Acting during its annual planning meeting Friday and Saturday, the bar Board of Trustees agreed to create a broadly based task force to “explore adding a pre-admission practical skills requirement … to the requirements for admission to the bar.” …
Streeter said the proposed admissions requirement “is still a concept in its infancy.” The ideas up for consideration include allowing law school clinical courses to meet all or part of the requirement, he said, or having “the equivalent of a legal residency” similar to new doctors.
Jeanine English, a nonlawyer member of the board, said another approach might be the method used in accounting. People who have passed the CPA exam work two to four years for a fully licensed certified public accountant, who closely supervises their work.
Legal educators and other experts seemed cautiously intrigued by the general idea.
“I think it’s an excellent idea,” said Drucilla Stender Ramey, dean of Golden Gate University School of Law and the former longtime director of the Bar Association of San Francisco. “My sense is law firms would welcome it.” …
Berkeley Law School clinical Professor Charles D. Weisselberg said cutting law school down to two years to devote the third year to practice experience would run afoul of American Bar Association accreditation standards.

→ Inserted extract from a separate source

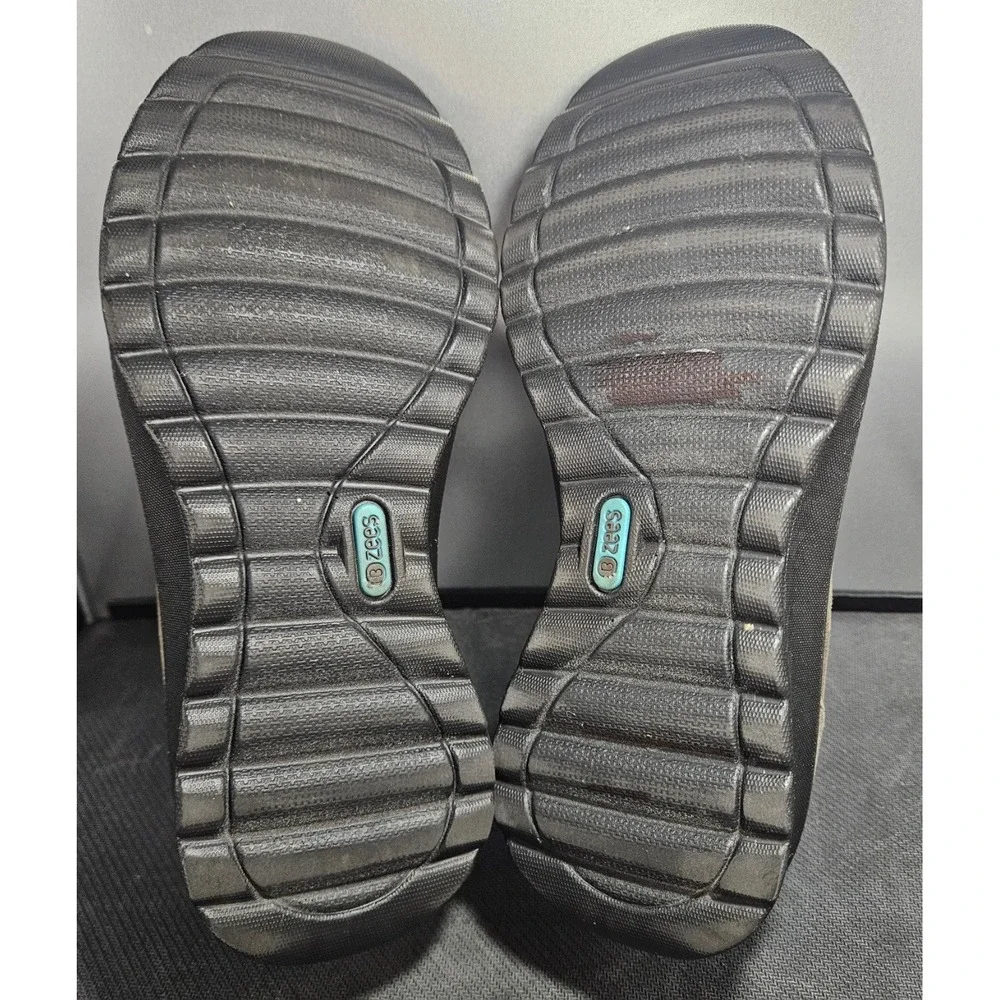 Bezees‎ Brown Suede Ballet  Sz 6.5M Cushioned Boho Comfort Shoes #323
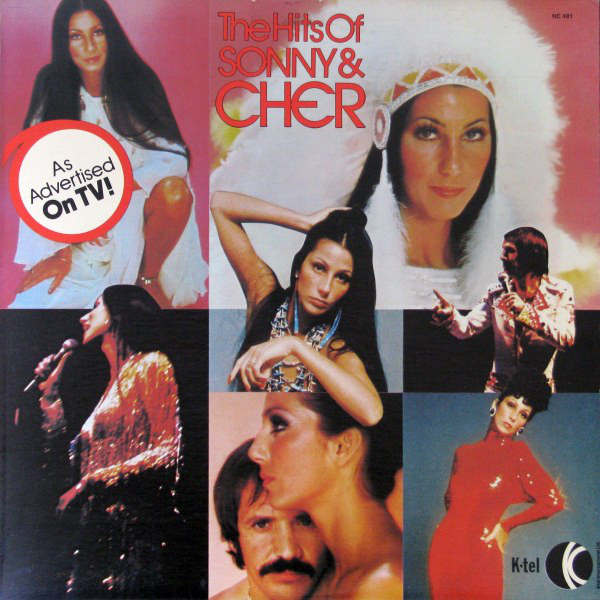 Cover Sonny & Cher - The Hits Of Sonny & Cher (LP, Comp) Schallplatten Ankauf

But adding a fourth year would put too great a burden on students.
Law school critic and blogger Kyle P. McEntee noted that California law students already pay $40,000 or $50,000 a year in tuition.

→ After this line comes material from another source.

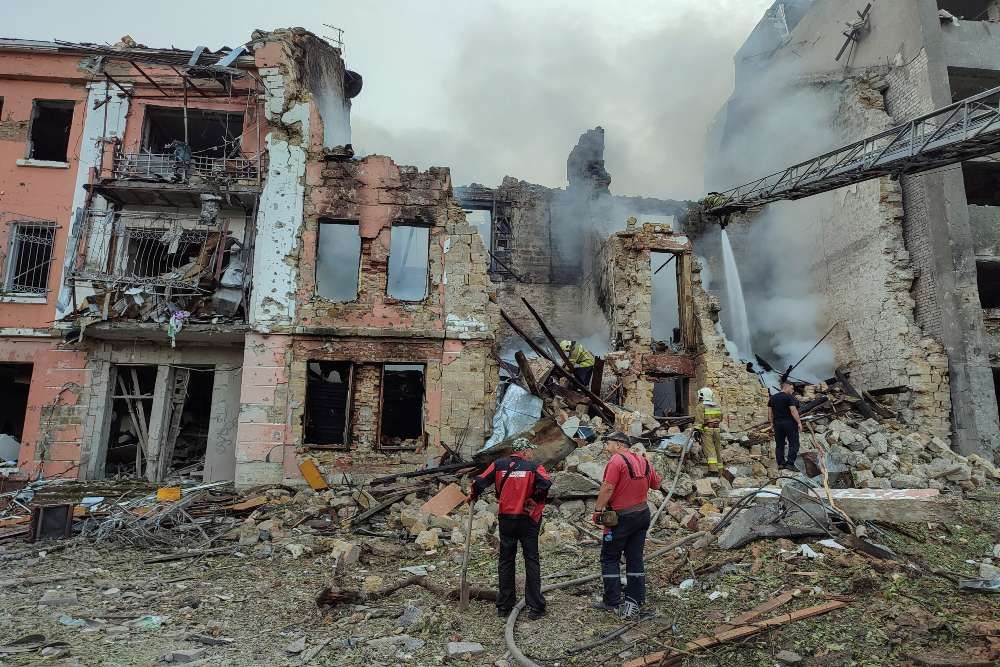 Perang Rusia-Ukraina Gunakan Bom Cluster, Berikut Kontroversi dan Faktanya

McEntee, founder and executive director of the nonprofit group Law School Transparency, said he believes a practice requirement might be a good idea, but he isn’t sure “whether it’s a Band-Aid … or a bigger solution” to the problems of legal education.
He said he supports an idea posted in a blog late last month by University of Texas law professor Matthew Spitzer, a former dean of USC Gould School of Law, that would allow law students or graduates to earn money while obtaining practical experience.
Spitzer proposed “law schools having a law firm (just as medical schools have hospitals) where students start to learn how to practice under lawyer-professors, who both provide training and who charge clients for their services.”